RELATIVES OF the signatories of the 1916 Proclamation have met the board of the National Asset Management Agency (Nama) to express their opposition to developer Joe O’Reilly’s plans for the redevelopment of the Carlton site.
The 2.7ha site stretches from the former Carlton Cinema on Upper O’Connell Street to Moore Street and surrounds the national monument houses on Moore Street that were occupied by the leaders of the 1916 Rising.
Mr O’Reilly was last year granted permission for a large-scale development to include retail and residential units, restaurants and car spaces. He is one of the first 10 developers who went into Nama. He was also named as one of 10 Anglo Irish Bank customers who borrowed from the lender to buy a 10 per cent stake in the bank.

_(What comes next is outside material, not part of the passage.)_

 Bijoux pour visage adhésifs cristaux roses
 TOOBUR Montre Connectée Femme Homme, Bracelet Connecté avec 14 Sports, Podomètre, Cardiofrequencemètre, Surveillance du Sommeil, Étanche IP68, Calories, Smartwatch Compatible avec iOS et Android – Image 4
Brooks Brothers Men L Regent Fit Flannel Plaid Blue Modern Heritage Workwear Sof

Members of the Connolly, Clarke, Ceannt, MacDonagh and Plunkett families yesterday met Nama chairman Frank Daly and chief executive Brendan MacDonagh. The relatives’ group sought the meeting with Nama to ask that Mr O’Reilly not be “in any way” facilitated by the agency to proceed with the development.

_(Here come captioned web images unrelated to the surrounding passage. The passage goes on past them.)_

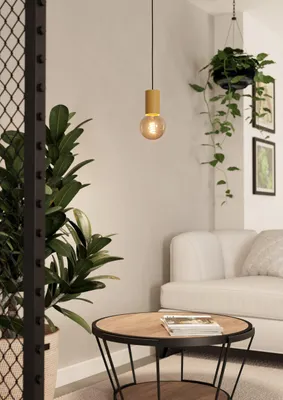 Produktbild von EGLO Pendellampe Pozueta 1, Pendelleuchte über Esstisch, FSC100HB, E27  mit Kabel, Hängeleuchte, Schnurpendel Hängelampe, Ø 6,5 cm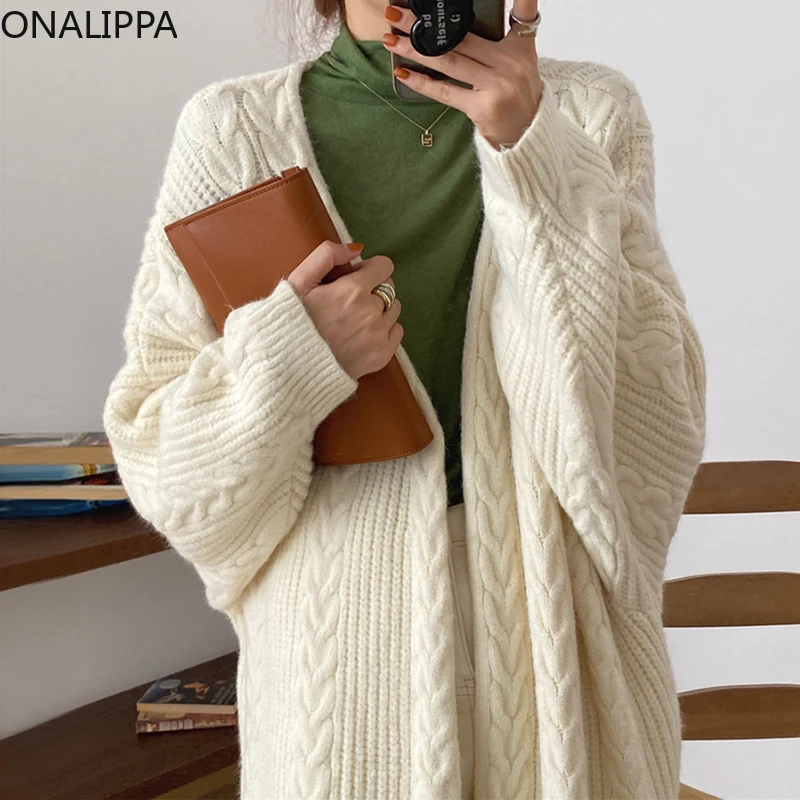 

Onalippa Women Cardigan 2021 Autumn Winter French Elegant Retro Lazy Wind Hemp Pattern Solid Loose Thick Warm Long Sweater Coat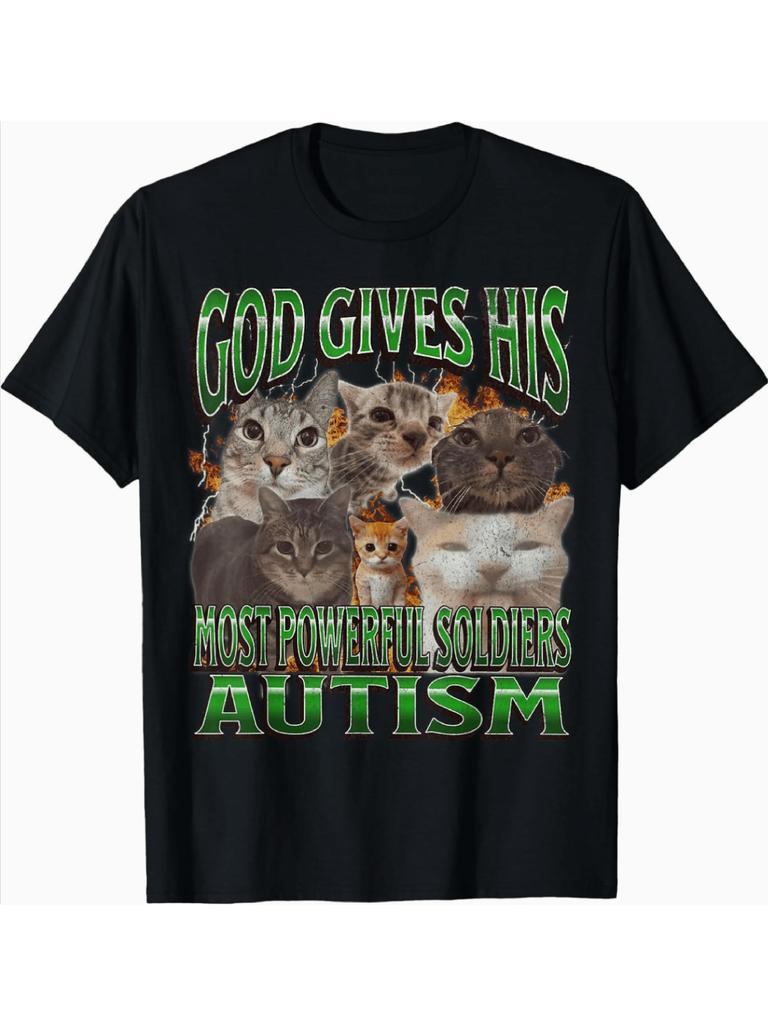 God Gave Him The Strongest Warrior AutismCat Pattern TShirt Fun Autism Awareness Promotional TShirt Unisex Clothing Y2K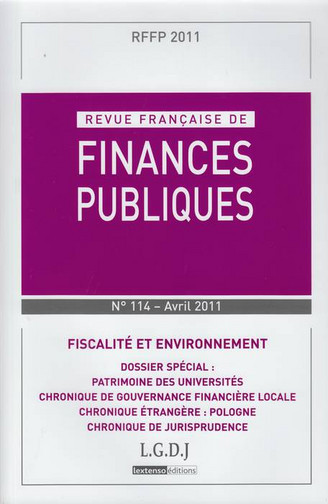 revue française de finances publiques, n° 114. fiscalité et environnement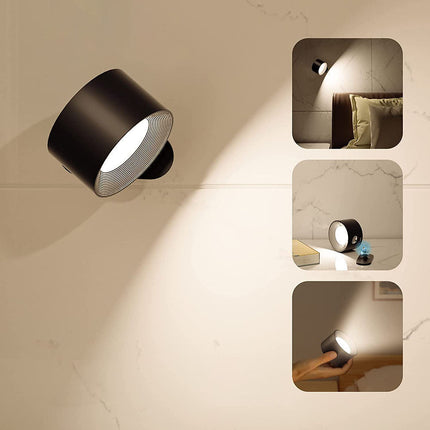 Black Rechargeable LED Magnetic Wall Light - Touch Control, 3 Colors & Dimmable, USB Portable Night Lamp for Reading & Cabinets.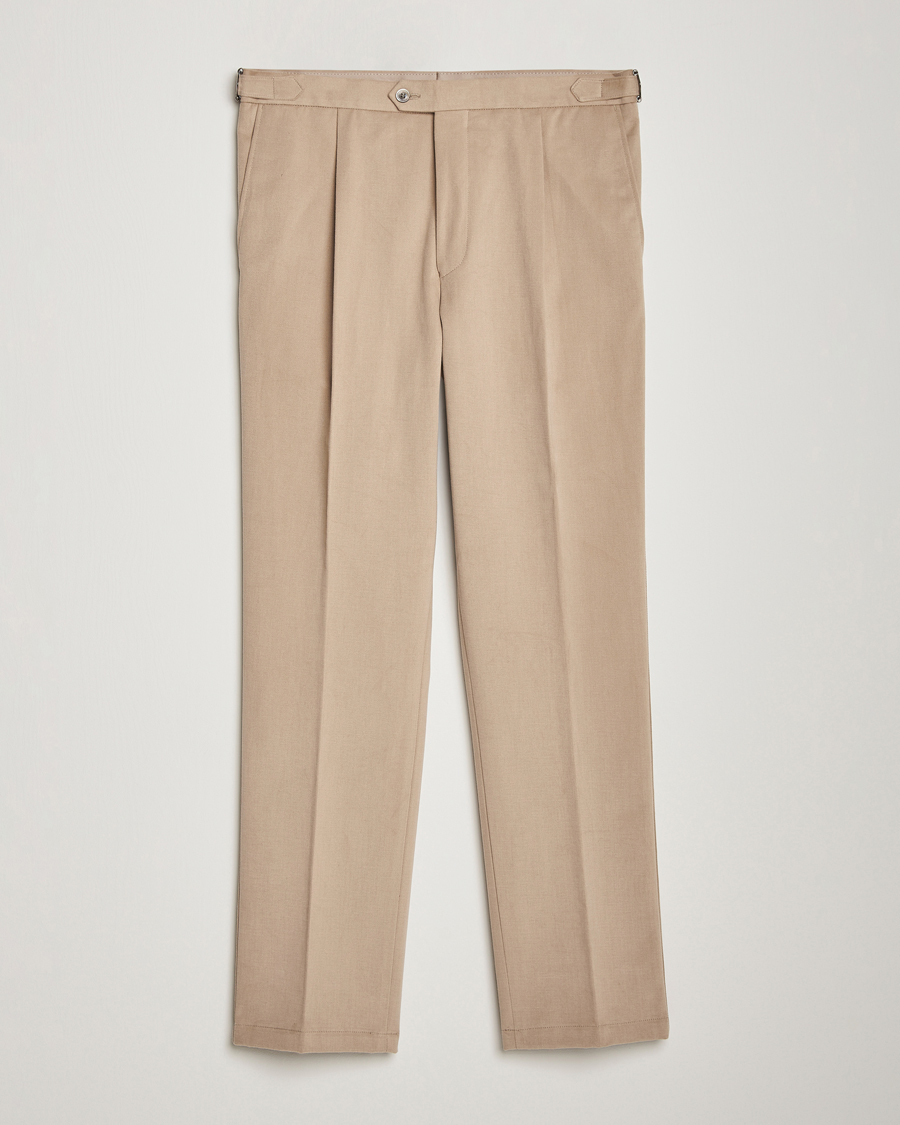 Herr | Byxor | Oscar Jacobson | Delon Brushed Cotton Trousers Beige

They were particularly concerned that demolition had begun last Christmas on buildings on Moore Lane, backing on to Moore Street, that they believe were also occupied by leaders of the Easter Rising.
The 19th-century buildings at 17 and 18 Moore Lane had been judged unsafe by Dublin City Council, which ordered they be lowered in height to make them safe.
Patrick Cooney, spokesman for the Save 16 Moore Street Committee, said the group had been “very well received” by the Nama representatives. He said he realised the representatives could give no commitments as to the future of the site, but said it was an opportunity for the group to outline their alternative plans, which include a museum, but would also allow residential and commercial development on an appropriate scale.
Due to their historic role, four houses on Moore Street were designated national monuments by then minister for the environment Dick Roche in 2007.